Tuesday, January 08, 2008

In search of The North

There are any number of terrifying things to potentially encounter in life: notorious mass murderers strolling in the the streets; a pigeon scrambling about on the other side of a single-glazed skylight; groups of small children given permission to sing aloud in public. I could go on, but won't. And yet none of these is remotely as terrifying as something I've been forced to encounter on numerous occasions in my short, illustrious existence: people from the south who don't know where Middlesbrough is. Most upsetting.

These dim southern tosspots can be found with alarming regularity in our towns and cities - often propping up the bars in trendy, refurbished public houses with laminate flooring - cradling copies of the Daily Express and sporting smug, inane grins. It seems there is some form of bliss to be garnered from geographical ineptitude. Well, as Rage Against The Machine once said: "If ignorance is bliss, then knock the smile off my face."

When you tell someone from the south that you're originally from "near Middlesbrough", the initial reaction is usually for their retinas to cloud over and their attention to shift elsewhere in the room.
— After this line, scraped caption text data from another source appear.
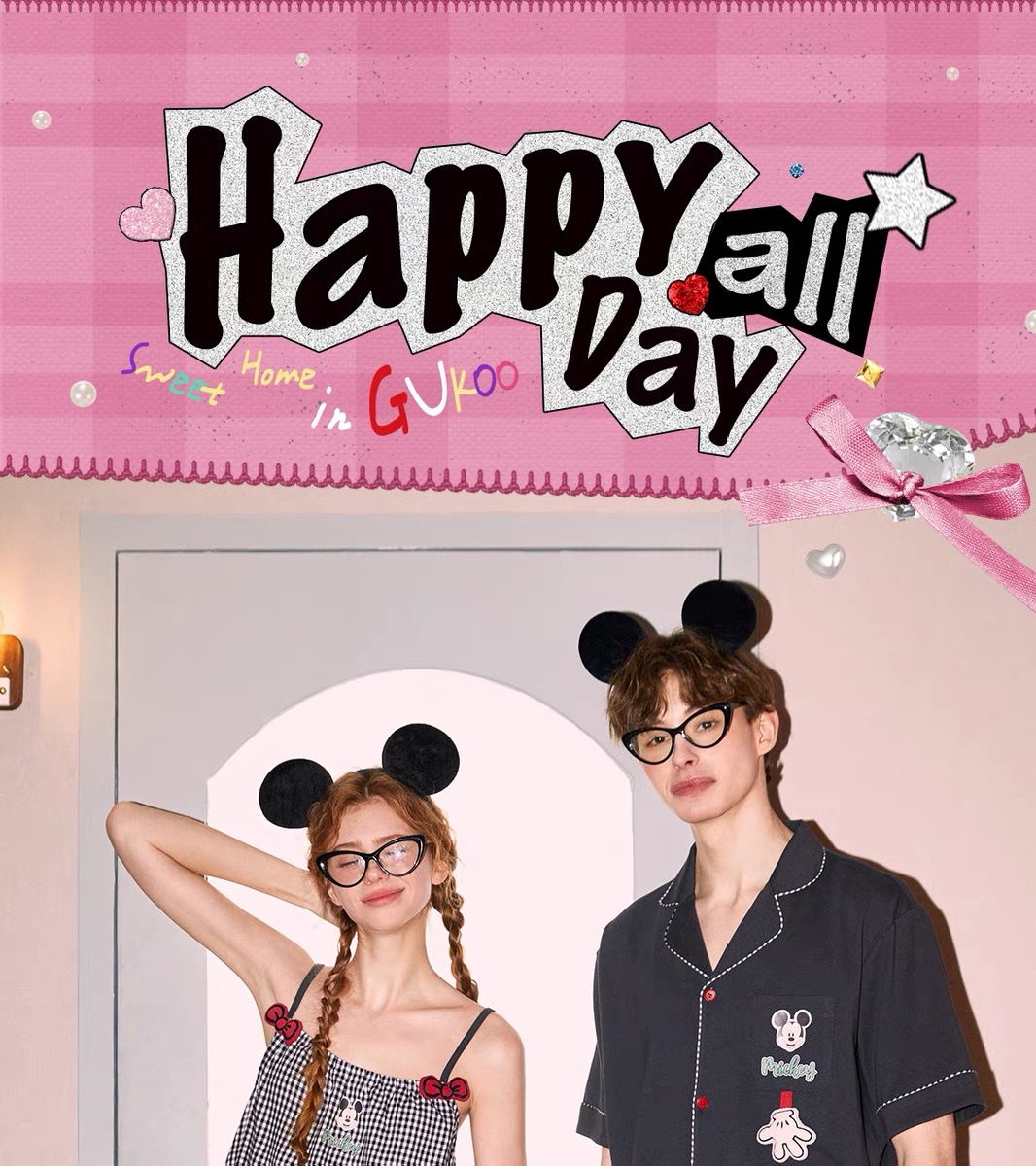 1b82e2ce161aebb353217ab99a58b9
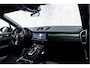 Porsche Cayenne 4.0 Turbo | Pano | Luchtvering | Soft Close | PDLS+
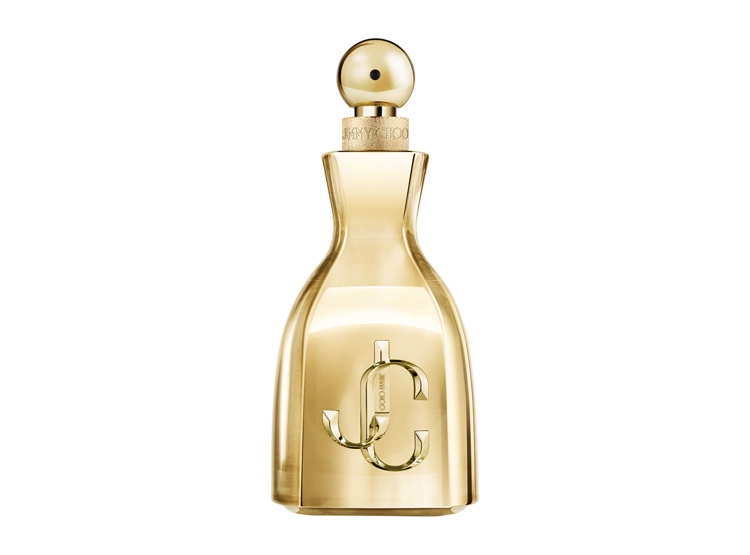 PERFUME JIMMY CHOO I WANT CHOO FOREVER LE PARFUM MUJER EDP 100 ML - 2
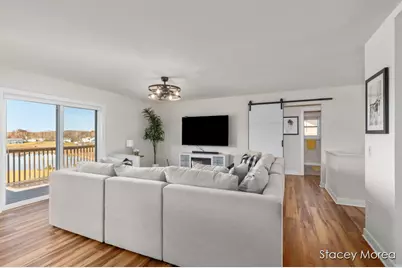 11791 Crystal Ridge Drive NE, Sparta, MI 49345 - Photo 7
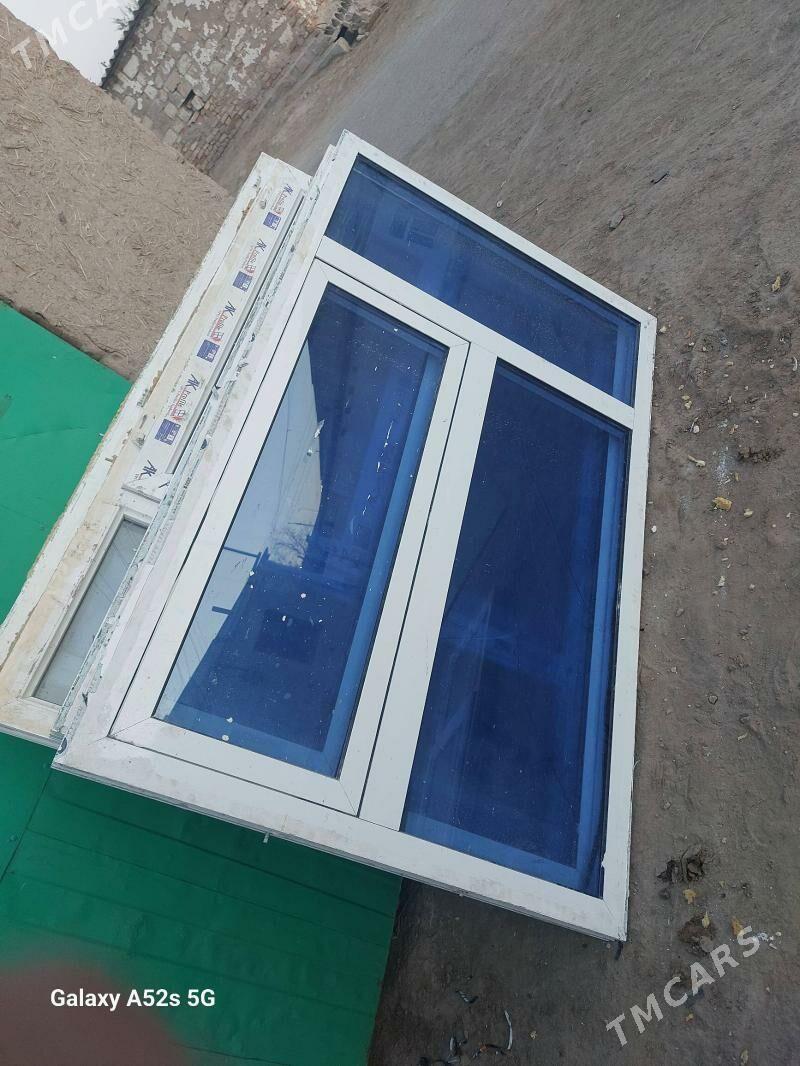 ayna - Boldumsaz - img 2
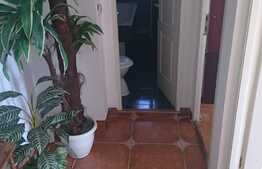 Apartament 3 camere, 78 mp utili, garaj, panorama deosebita!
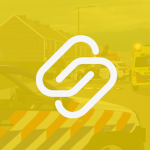Ambulance Reality Roleplay | Surveillance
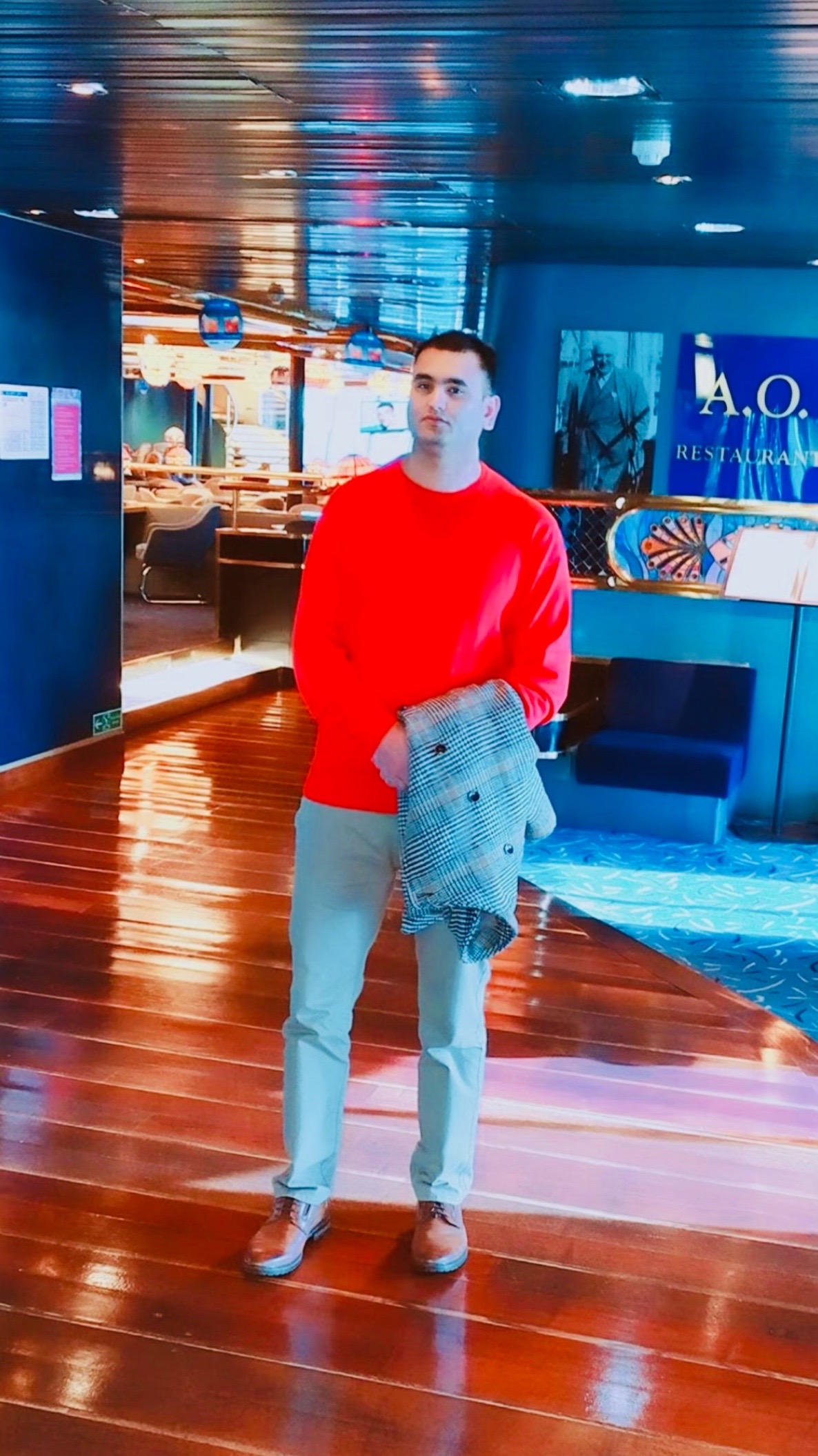 @Hekmat..Khogyani 🇦🇫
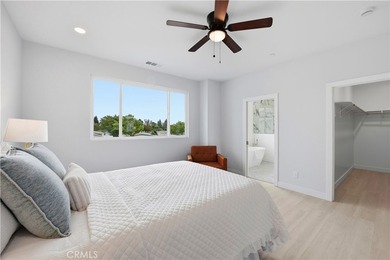 Welcome to this amazing newer-construction home located in the - photo 22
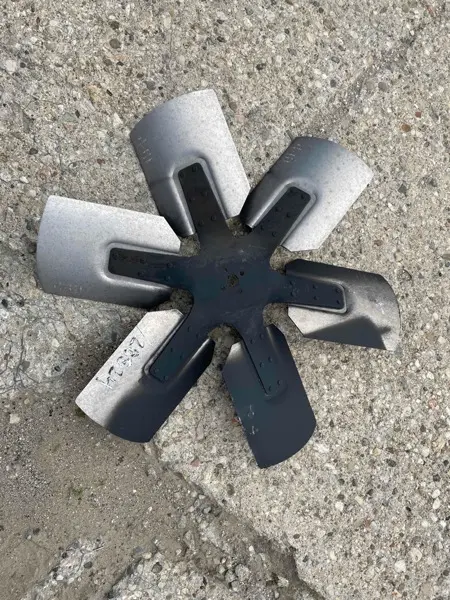 Spider As-fa image 1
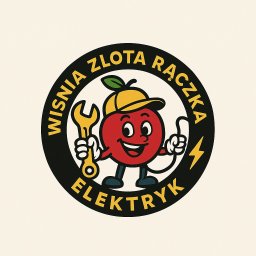 Łukasz Wiśniewski - Staranne Ogrodzenie Panelowe Drewniane Łódź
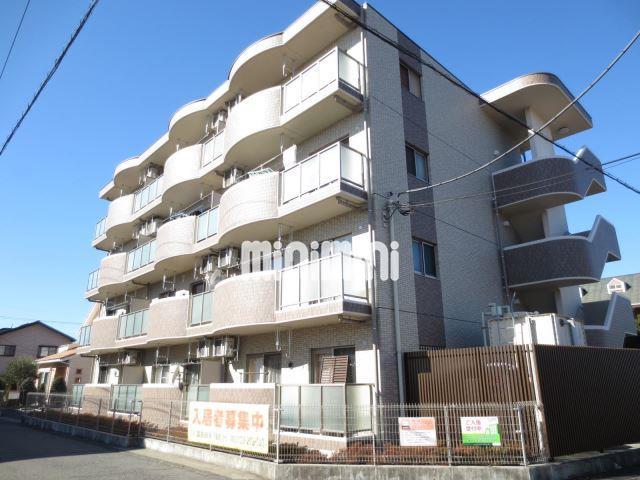 リーブラ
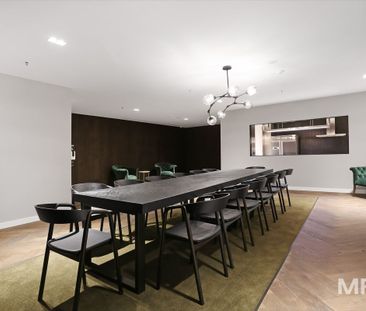 418/58 Myrtle Street, Ivanhoe - Photo 5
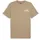 Puma Squad Small Graphic Tee braun XXL
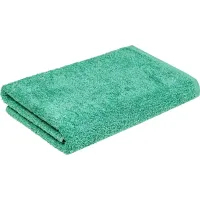 Рушник Home Line Agate Green махровий (ментоловий) 430 гр/м2 (К), 70х140 см (188469)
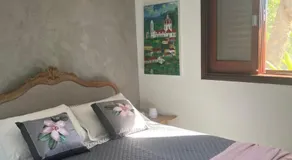 Loft em chácara Espírito Santo - Image 2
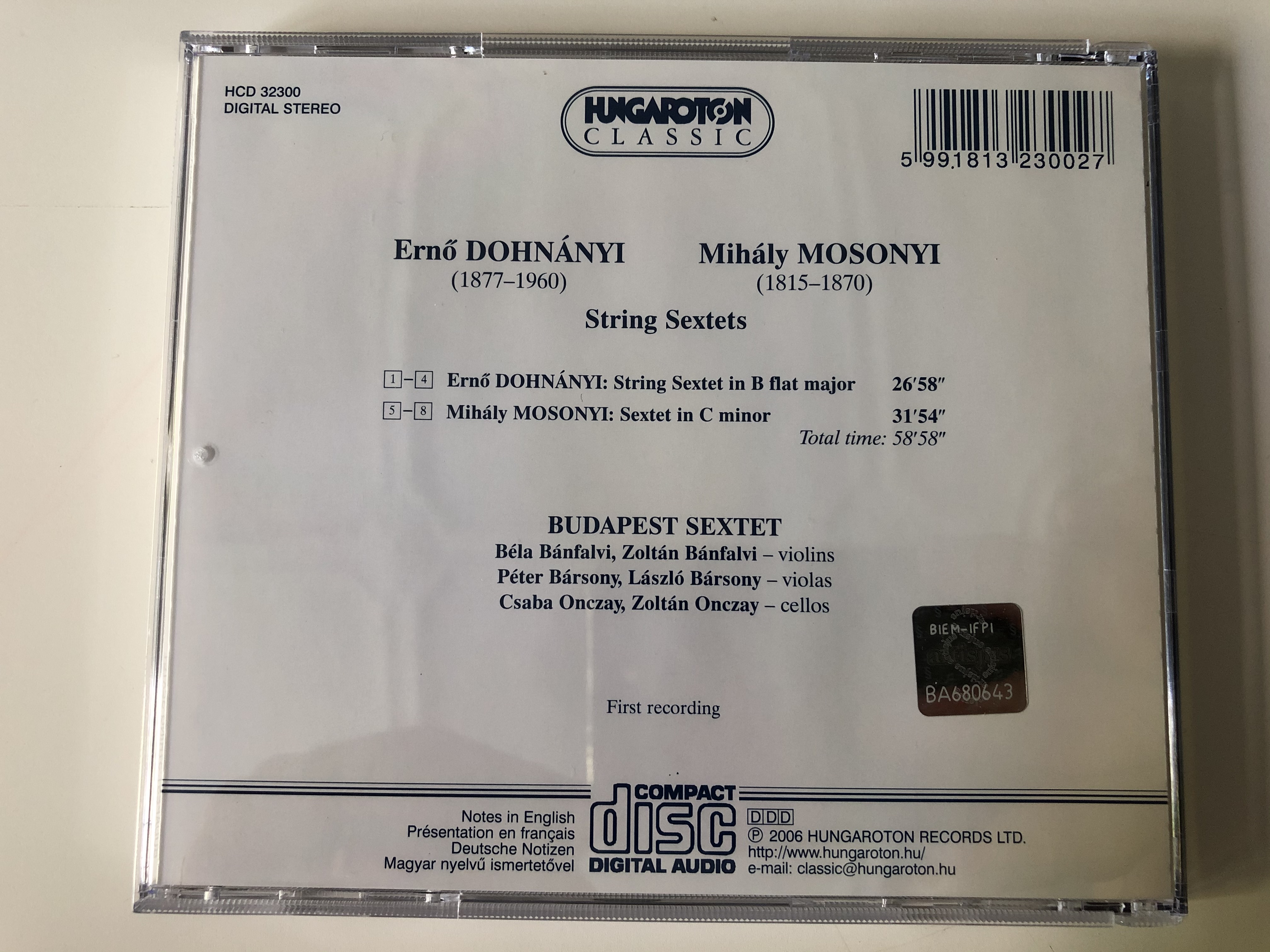 erno-dohnanyi-mihaly-mosonyi-2-string-sextets-budapest-sextet-hungaroton-classic-audio-cd-2006-stereo-hcd-32300-9-.jpg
In recent months, however, there has been a slight increase in vague recognition thanks to the so-called findings of the bourgeois television programme Location, Location, Location: "Oh, the worst place to live in Britain!" I suppose this can be considered some form of progress. It is at least slightly better than "is that Scotland?" (no, that's Midlothian) and "is it just outside London?" (no, that's Middlesex, MIDDLESEX!), both of which I've encountered. The worst one ever was: "Do you really consider yourself a northerner, then? It's somewhere in the middle isn't it? You know... Middle-sbrough" (no, no, no, nuggetfucking NO).

I'd suggest that the southern geographical awareness of those of us from the north is infinitely superior, mainly because that half of the country is forced down our throats by the London-based media, but also because we're generally less self-obsessed. I know where lots of inconsequential places in the south are: Weston-Super-Mare; Basingstoke; Tring; Diss. Again, I could go on, but won't as I consider this short list to be proof enough.

At the moment I'm reading Stuart Maconie's excellent 'Pies and Prejudice', which is all about the north and northern identity (see, I told you we're less self-obsessed). In it, he describes this same, peculiar southern mentality:

To many a south-based viewer... 'Up North' is a long way away. You wouldn't want to go there. It's a long trip, as in 'West Ham face a long trip to Hartlepool for the third-round tie'. Note it's never the other way round. It's OK too to be blithely approximate about northern geography. Some years ago, we northerners chortled when Des Lynam suavely announced on Final Score: 'Chesterfield 0, Chester 0. So no goals there in the local derby.'

Good work, Des. Good work.


Blogger Nabby Adams said...

If you REALLY want to find the True North, find a copy of 'The Idea of North' by Peter Davidson, published by Reaktion and available from Amazon.co.uk

It's wide-ranging, informative and extremely well written. Recommended.